Этому отрывку с его неуклюжей стилистикой и прямолинейной экстраполяцией настоящего в будущее можно предъявить много претензий, лежащих на поверхности нашего рассуждения. К примеру: аксиомы не требуют доказательств, ибо не могут быть доказаны, во всяком случае в данное время (математик Валька должен был ткнуть нас в это носами. Ведь мое "наши" не стилистическая фигура: мы действительно либо все постигали вместе, либо сообща обсуждали). Маркс не доказал непротиворечиво ни одного положения своей доктрины, принадлежавшего ему и Энгельсу, а не имевшегося и у других авторов (этого тогда мы просто не знали). "Империализм как высшая стадия капитализма" (Ленин) - это вообще не определение. Феномен империализма расположен в сфере не столько производственно-экономической, сколько политической. Он не привязан к тому, что марксисты называют социально-экономическими формациями. Мы в своих рассуждениях имели в виду монополистический капитализм, а не империализм, который сосуществовал и с рабовладельческим строем, и с кастовой деспотией, и с феодализмом, и с капитализмом разных эпох, и с социализмом. С таким же основанием можно утверждать, что в ряде случаев все эти "способы производства" и не сочетались с имперскими политическими тенденциями, традициями и устремлениями. Ленин отождествил империализм с монополистическим капитализмом слишком жестко: это отнюдь не синонимы. Кстати, мысль о том, что предельная, абсолютная капиталистическая монополизация завершится растворением единственного собственника в государственном аппарате, встречается и у Энгельса, и у Каутского, и у Ленина. Нас, как и их, привела к этой мысли формальная логика Схемы.

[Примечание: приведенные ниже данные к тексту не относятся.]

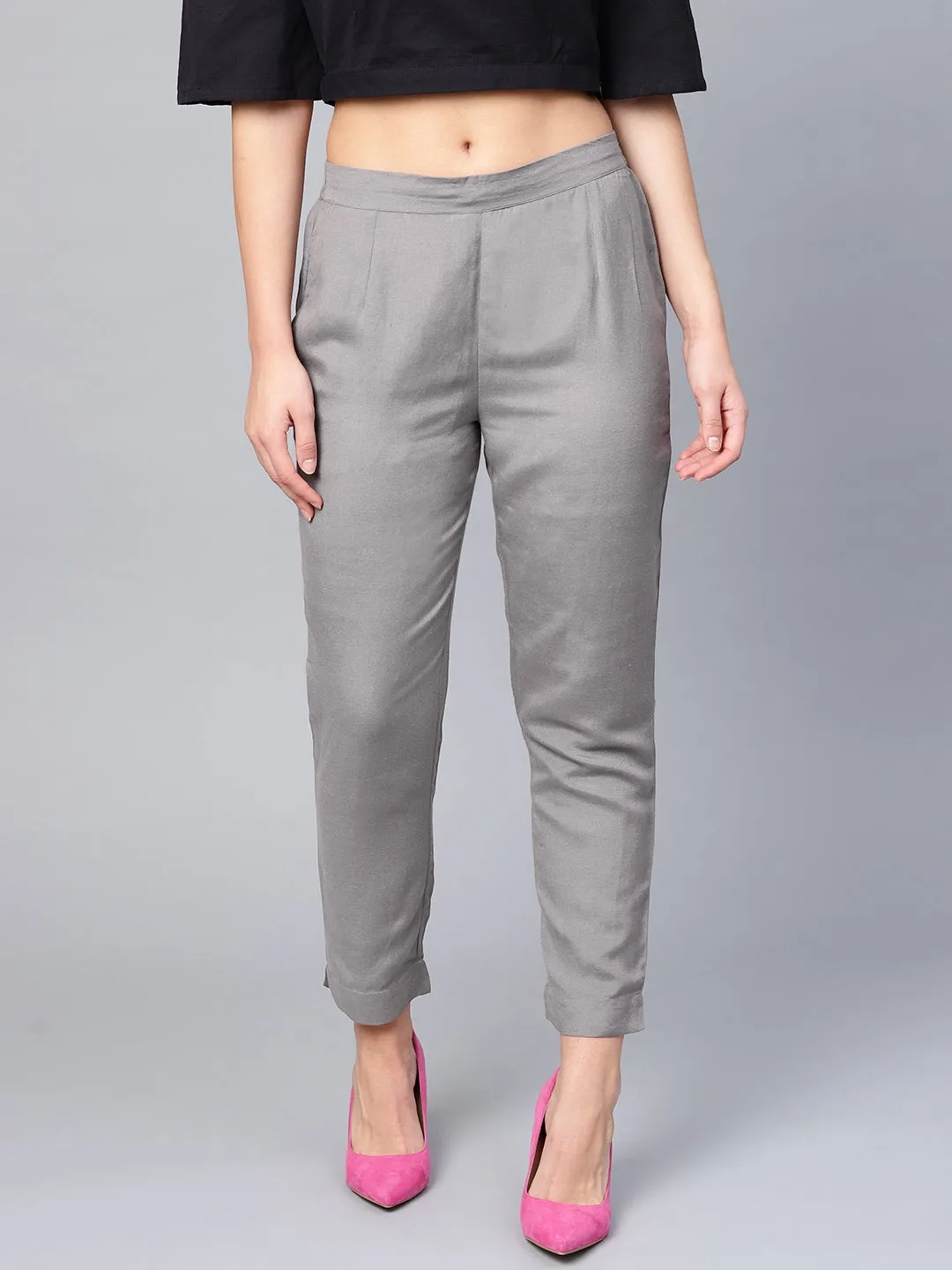 Jashvi Grey Solid Rayon Flex Slim Fit Women Pants With Two Pockets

Но независимо от того, что сказано выше, эти наши рассуждения таили в себе опасные для режима зерна. Прорастут ли в конце концов эти зерна сквозь броню марксистских формально-логических спекуляций, чтобы стать полновесными колосьями, или нет, зависело лишь от одного внутреннего обстоятельства (внешних было великое множество, и достаточно грозных). Продолжим ли мы размышлять честно? - вот в чем состоял роковой вопрос.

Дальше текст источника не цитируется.